The $11 billion fund is looking to hire overseas investment specialists and is mulling whether to make its first allocation to global hedge funds.
Korea’s Teachers’ Pension to set up overseas team

The Teachers’ Pension fund in Korea is seeking to set up a dedicated overseas investment team and may allocate to global hedge funds by the end of this year.

The $11 billion fund, one of two managers set up to manage the retirement savings of Korean teachers, confirms its long-term goal is to in-source all investments.

Park Min-Ho, appointed as chief investment officer last year, reveals that the fund has plans to make structural changes based on its need to expand exposure into international markets.

At present, 55% of the firm’s AUM is allocated to fixed income, of which 95% is domestically focused. Similarly it has 28% exposure to equities, but just 13% of that is invested in international markets.

Park told AsianInvestor about the fund’s aggressive plan to dilute its bond holdings to 43% and increase equities to 35% by 2017. By that time it hopes to have increased its global equities exposure by a full 10 percentage points.

“We plan to set up a dedicated overseas investment team and so are hoping to recruit more professionals with experience in investing overseas,” Park says.

“Over the medium-to-long term we want to in-source investments so our outsourcing team will eventually be dispersed internally. We want our domestic teams to be classified by asset class, and there to be a separate team for overseas investment.”

The Teachers’ Pension runs a lean operation, with just 30 employees in total, of whom 21 are investment managers and nine are strategists and support staff.

Its outsourcing team is six-strong at present. They rely on Zeroin to provide qualitative evaluation of managers and do all the qualitative assessment themselves.

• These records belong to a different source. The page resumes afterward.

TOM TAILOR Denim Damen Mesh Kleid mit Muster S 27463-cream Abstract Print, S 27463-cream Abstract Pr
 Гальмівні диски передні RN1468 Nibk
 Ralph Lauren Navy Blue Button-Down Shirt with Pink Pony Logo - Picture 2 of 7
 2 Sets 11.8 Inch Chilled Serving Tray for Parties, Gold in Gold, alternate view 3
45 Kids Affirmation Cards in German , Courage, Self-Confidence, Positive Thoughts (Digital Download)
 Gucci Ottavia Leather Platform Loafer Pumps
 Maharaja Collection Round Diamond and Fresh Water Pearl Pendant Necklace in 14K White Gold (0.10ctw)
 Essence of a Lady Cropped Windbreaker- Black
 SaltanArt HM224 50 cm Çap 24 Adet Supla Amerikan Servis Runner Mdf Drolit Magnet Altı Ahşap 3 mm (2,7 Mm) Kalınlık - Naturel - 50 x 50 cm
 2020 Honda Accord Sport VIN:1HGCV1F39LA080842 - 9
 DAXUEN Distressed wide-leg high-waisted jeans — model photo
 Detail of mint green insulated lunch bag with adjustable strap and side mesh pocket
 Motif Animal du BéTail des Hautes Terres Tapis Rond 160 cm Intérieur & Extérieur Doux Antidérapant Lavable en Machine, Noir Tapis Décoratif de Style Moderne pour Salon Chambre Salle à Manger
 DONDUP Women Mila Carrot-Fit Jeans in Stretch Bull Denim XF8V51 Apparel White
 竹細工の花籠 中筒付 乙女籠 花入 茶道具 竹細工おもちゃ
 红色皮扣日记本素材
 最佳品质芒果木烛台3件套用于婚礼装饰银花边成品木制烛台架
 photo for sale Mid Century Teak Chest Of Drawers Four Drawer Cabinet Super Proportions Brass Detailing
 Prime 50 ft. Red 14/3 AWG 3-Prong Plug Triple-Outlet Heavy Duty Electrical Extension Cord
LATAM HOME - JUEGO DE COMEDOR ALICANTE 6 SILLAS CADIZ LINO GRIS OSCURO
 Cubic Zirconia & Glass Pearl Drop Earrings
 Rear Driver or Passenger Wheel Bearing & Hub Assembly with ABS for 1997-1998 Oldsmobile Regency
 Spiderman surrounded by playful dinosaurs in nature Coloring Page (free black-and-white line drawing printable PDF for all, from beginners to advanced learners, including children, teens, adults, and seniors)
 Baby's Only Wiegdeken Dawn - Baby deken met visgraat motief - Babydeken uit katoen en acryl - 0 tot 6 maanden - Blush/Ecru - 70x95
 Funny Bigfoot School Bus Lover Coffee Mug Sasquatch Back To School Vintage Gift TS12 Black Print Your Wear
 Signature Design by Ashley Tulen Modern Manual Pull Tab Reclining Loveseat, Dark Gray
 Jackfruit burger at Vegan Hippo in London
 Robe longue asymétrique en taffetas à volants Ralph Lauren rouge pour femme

In terms of alternative investments, its overall allocation stands at 16% of AUM. It plans to raise this to 20% by 2017.

Currently infrastructure makes up the largest portion of allocated capital at 35%, followed by private equity (30%), real estate (25%) and commodities/others (10%).

Park confirms that overseas private equity and overseas real estate are top of its list for future investment. But he notes, too, that the fund is open to investing in hedge funds internationally, rather than domestically.

“The Korean hedge fund market is relatively small. There is no depth. But there are plenty of good hedge fund players overseas that we would like to invest in.

“The overseas market is growing very fast and is well understood, which is one reason why we are thinking about hedge funds.

“Performance has been poor in recent times, but if the environment becomes more conducive we could get things started. We have not made any decisions yet, but before the end of this year we could have made our first hedge fund investment.”

The Teachers’ Pension was established in 1974 to improve the welfare of Korea’s private school personnel. It saw its AUM increase 3.99% last year to $11 billion.

Overall there are four Korean public pension entities: the Teachers’ Pension, the National Pension Service, Government Employees Pension Service and the Military Mutual Aid Association.